Material for this exercise Block Start

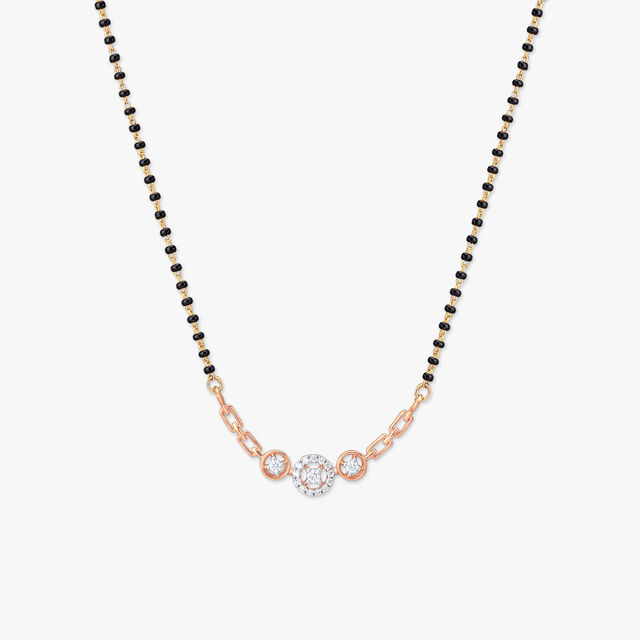 Circle Charm Diamond Mangalsutra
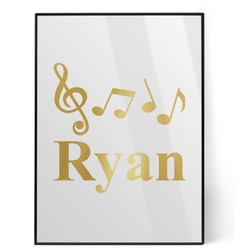 Musical Notes Foil Print (Personalized)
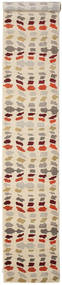 Casual Elegance In Cool 80X500 Small Multicolor Abstract Runner Rug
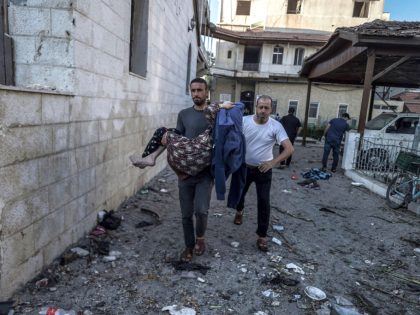 Aftermath of the strike hit Al-Ahli Baptist Hospital in Gaza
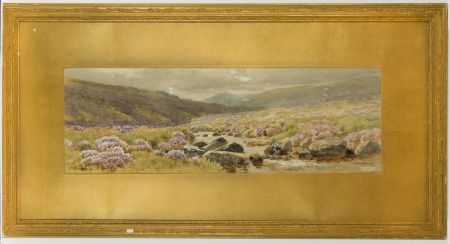 William Sidney Morrish (1844-1917) - Signed Watercolour, Dartmoor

Material for this exercise Block End

→ Task item: Repeat the whole of the material above exactly, but keep the pictures out.

→ Problem solution:
 Circle Charm Diamond Mangalsutra
 Musical Notes Foil Print (Personalized)
 Casual Elegance In Cool 80X500 Small Multicolor Abstract Runner Rug
 Aftermath of the strike hit Al-Ahli Baptist Hospital in Gaza
 William Sidney Morrish (1844-1917) - Signed Watercolour, Dartmoor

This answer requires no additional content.